Information provided
——
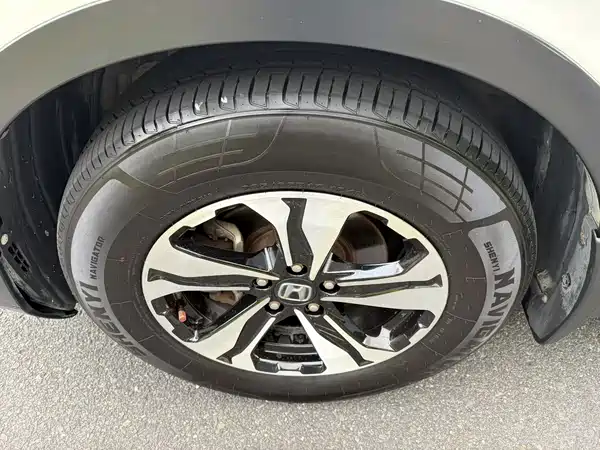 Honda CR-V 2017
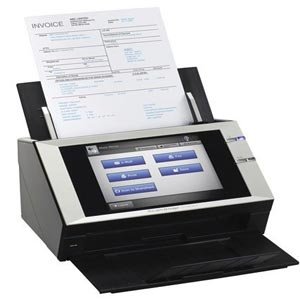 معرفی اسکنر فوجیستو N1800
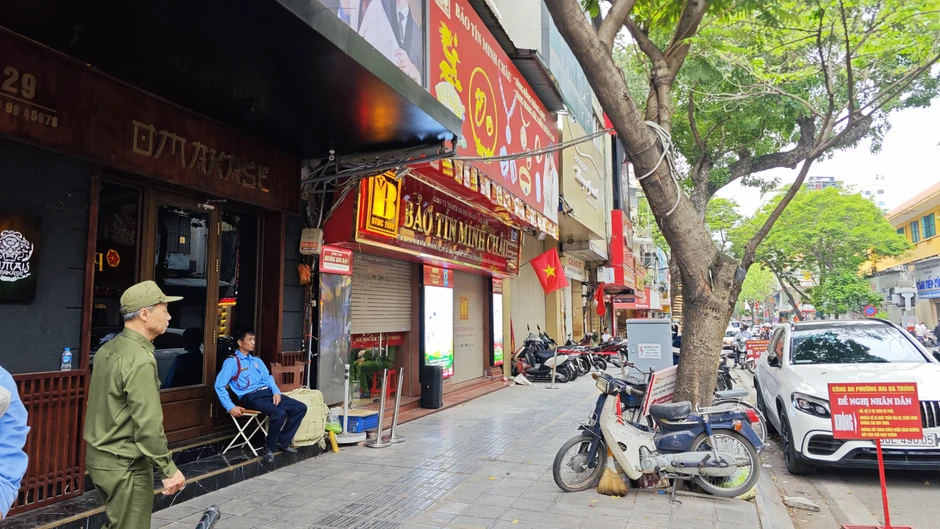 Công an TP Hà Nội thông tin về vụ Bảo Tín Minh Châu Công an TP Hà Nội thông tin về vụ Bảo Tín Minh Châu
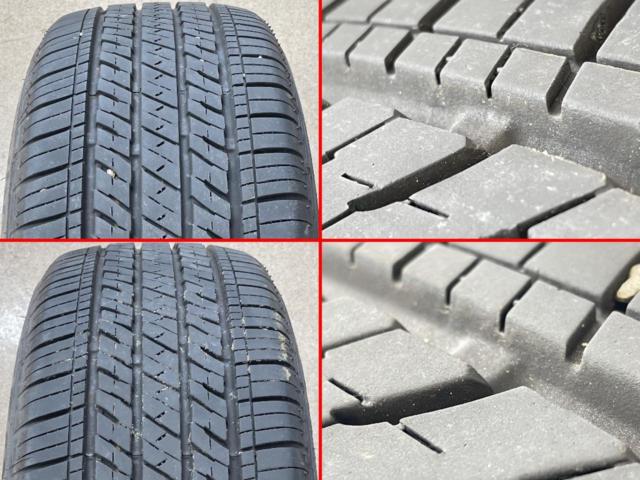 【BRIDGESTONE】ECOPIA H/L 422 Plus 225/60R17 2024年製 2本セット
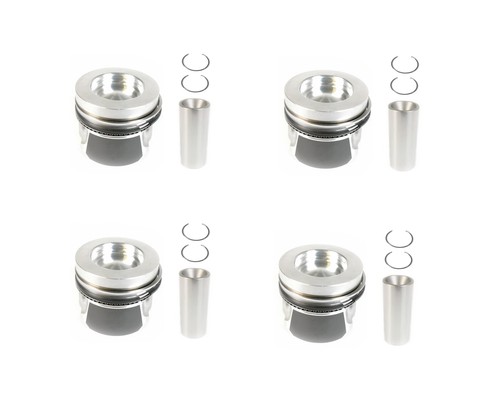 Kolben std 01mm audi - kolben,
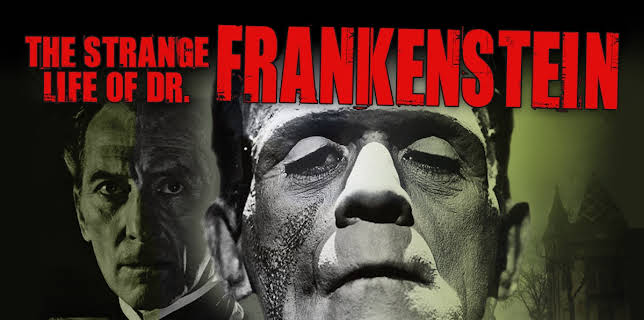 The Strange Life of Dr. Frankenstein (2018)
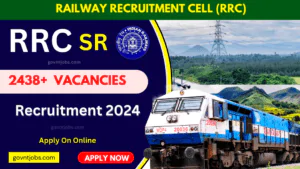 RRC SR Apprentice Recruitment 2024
——
Only an exact copy belongs in the answer: the lines from the one containing "Minh Châu Công" through the end of the records, both ends included, minus the pictures.

 Công an TP Hà Nội thông tin về vụ Bảo Tín Minh Châu Công an TP Hà Nội thông tin về vụ Bảo Tín Minh Châu
 【BRIDGESTONE】ECOPIA H/L 422 Plus 225/60R17 2024年製 2本セット
 Kolben std 01mm audi - kolben,
 The Strange Life of Dr. Frankenstein (2018)
 RRC SR Apprentice Recruitment 2024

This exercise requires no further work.